Director John Carpenter Reveals The Halloween Movie That Made Him Cringe
Esteemed filmmaker John Carpenter made audiences shake in their boots, cry in their theater seats, and harbor an intense fear of Halloween night, people in masks, and men named Michael with his 1978 horror classic Halloween. But once Carpenter dipped out of the franchise after writing 1981's Halloween II and producing 1982's Halloween III: Season of the Witch, handing the keys over for a litany of directors to grab hold of, the hallowed series went from spooky to screwy. While Carpenter has avoided watching most of the Halloween franchise sequels, he did see one — but his viewing experience wasn't exactly pleasant.
Chatting with a group of journalists about the newest Halloween film, the David Gordon Green-directed reboot that's already shattered box office records, Carpenter revealed the franchise entry that made him cringe: Halloween: Resurrection.
"I watched the one in that house, with all the cameras. Oh my god. Oh lord, god," said Carpenter (via TooFab). "And then the guy gives the speech at the end about violence. What the hell? Oh my lord. I couldn't believe."

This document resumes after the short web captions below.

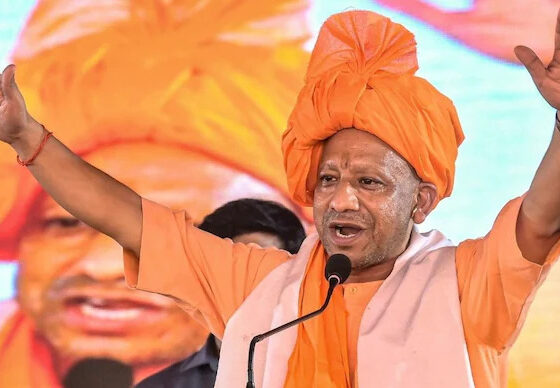 cm yogi adityanath on women welfare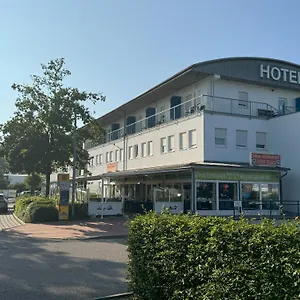 *** Hotel Thannhof Niemcy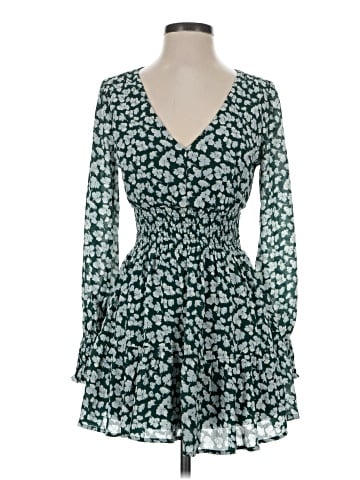 Abercrombie & Fitch Casual Dress (view 1)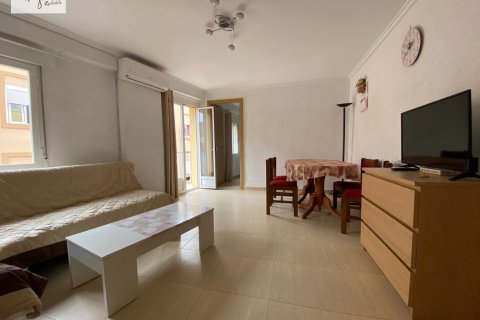 Apartment à vendre à Valencia, Espagne, 2 chambres, 68 m2 No. 14947 - photo 1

A brief refresher for those foggy on what went down in 2002's Halloween: Resurrection: the Rick Rosenthal-helmed flick picks up three years after the events of 1998's Halloween H20: 20 Years Later, which ended with Jamie Lee Curtis' Laurie Strode decapitating who she thought was the masked murderer Michael Myers. Unfortunately for the people of Haddonfield, Illinois, Michael is still alive and well, since Laurie actually killed an innocent man she simply mistook for her brother. An institutionalized Laurie eventually lures Michael into a meeting with her on Halloween — but when Laurie hesitates to kill him, Michael gets the last laugh by stabbing her and pushing her off a roof.
But that doesn't even begin to describe the wildness that unravels in Resurrection.
From there, the film shifts focused to a group of college students who participate in a live internet reality horror show called Dangertainment, one episode of which is filmed inside Michael's childhood home. Rosenthal experimented with shaky camerawork and found-footage-style direction throughout Resurrection, which chronicled the 20-somethings' efforts to discover what brought Michael Myers to the edge of sanity and turned him into a killer.
As expected, Michael shows up and ruins their plans by stalking, slashing, and slashing the six students — but not before Dangertainment director Freddie Harris, inexplicably played by rapper Busta Rhymes, meets up with the killer while wearing a replica Michael Myers mask, shows off his karate skills (dramatic hi-ya! declarations and all), and roundhouse kicks the real Michael in the face.
Freddie's behavior gets even weirder at the end of Resurrection, when he delivers the strange speech Carpenter mentioned. Asked by reporters if he can give a statement about what went down in Michael Myers' house during the taping of Dangertainment, Freddie slams the press for treating the killer like "a sound bite, a spin-off, a tie-in, some celebrity scandal." He states, "Michael Myers is a killer shark in baggy-a** overalls that gets his kicks off of killing everything and everyone that he comes across. That's all. We're done dancing for these cameras," and then proceeds to lunge at the reporters.
Needless to say, it's easy to see why Carpenter was cringing left and right while watching Halloween: Resurrection. Between the premise that doesn't follow through, the "blurry found-footage trickery," and the "Blair Witch-style adventure that plays like a bad soap opera," Resurrection lacked what makes the Halloween franchise — even some of its half-baked and rinse-repeat sequels — worth watching.
When the film debuted in July 2002, it panned with critics and fans alike, with both camps agreeing that the pic was a hot mess. To this day, many still despise Resurrection. Flickering Myth's Shaun Munro recently wrote that Resurrection is "the most cynical and low-effort of all the Halloween sequels."
But thankfully, all the cringing Carpenter did while watching Resurrection didn't discourage him from diving back into the franchise he started 40 years ago. In 2017, Carpenter met with director Gordon Green and screenwriter Danny McBride to hear the pair's pitch for the Halloween reboot, and he was seriously impressed by the idea of bringing the film series back to its roots, making Michael Myers a real threat again rather than a supernatural killer, and, most importantly, ignoring all the sequels that came after the 1978 original. Carpenter was so taken by the pitch, in fact, that he climbed aboard as the project's supervisor and ultimately scored the reboot film as well.
The director previously explained his motivations for working on 2018's Halloween after shying away from the franchise for so long, telling Fandango, "The sequels – I haven't even seen all of them. I don't even know what really was there — but finally it occurred to me: Well if I'm just flapping my gums here, talking about it, why don't I try to make it as good as I can? I could offer advice. I could talk to the director. I like the director very much. I like the script. So, you know, stop throwing rocks from the sidelines and get in there and try to do something positive."
It's just like the old adage goes: When life gives you Resurrection, make a rockin' reboot.